## What is expected
Give the lines again exactly as they appear below, from the line with "Смеситель для раковины" to the line with "14K Weißgold 6mm", both included, and only those lines. Leave every picture out.

## Provided records
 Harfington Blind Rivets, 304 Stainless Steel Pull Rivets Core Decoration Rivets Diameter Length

--

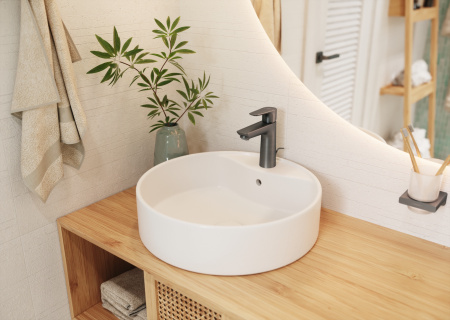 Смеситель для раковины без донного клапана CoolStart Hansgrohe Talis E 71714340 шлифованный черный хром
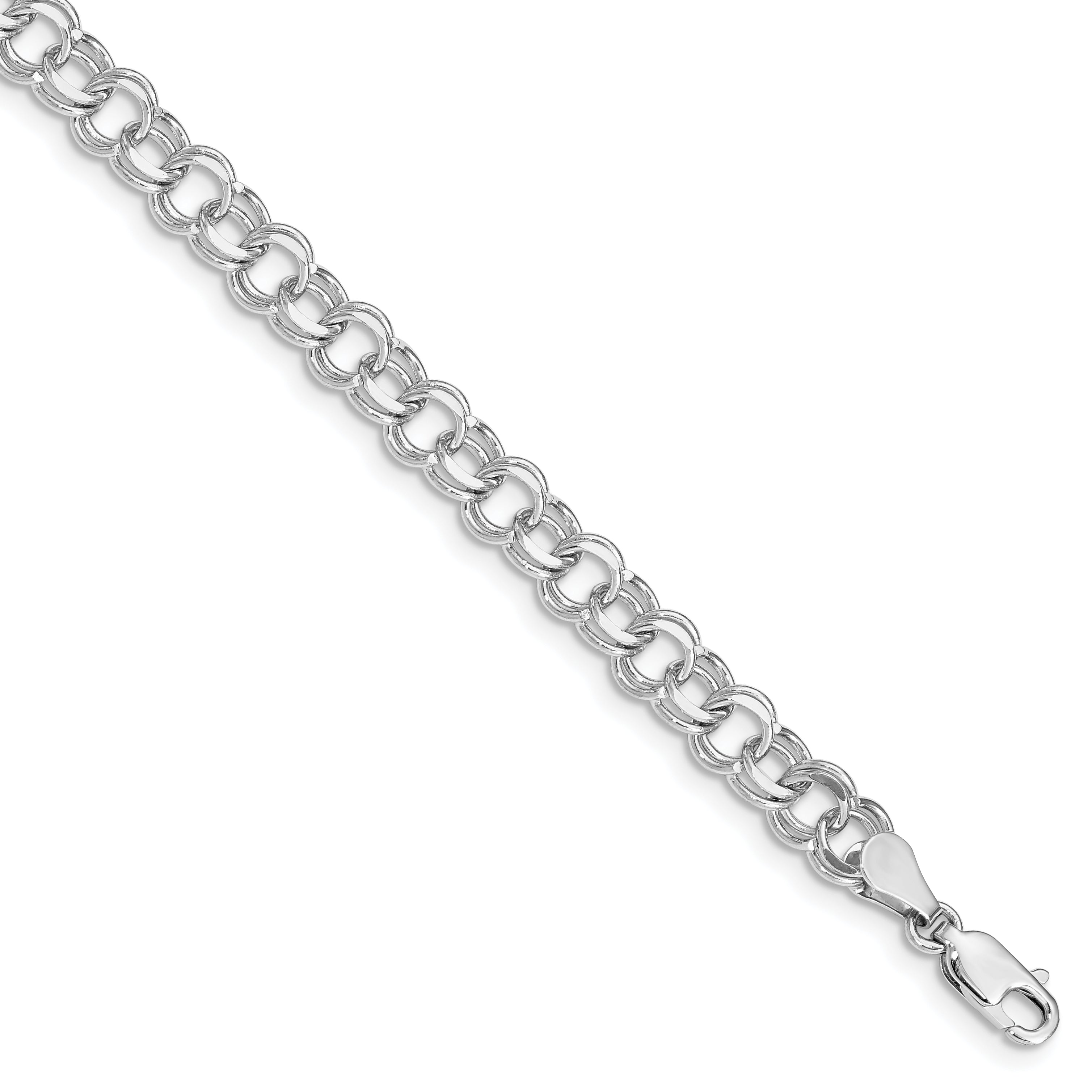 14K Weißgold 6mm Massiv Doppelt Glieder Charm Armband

## Your response
 Смеситель для раковины без донного клапана CoolStart Hansgrohe Talis E 71714340 шлифованный черный хром
 14K Weißgold 6mm Massiv Doppelt Glieder Charm Armband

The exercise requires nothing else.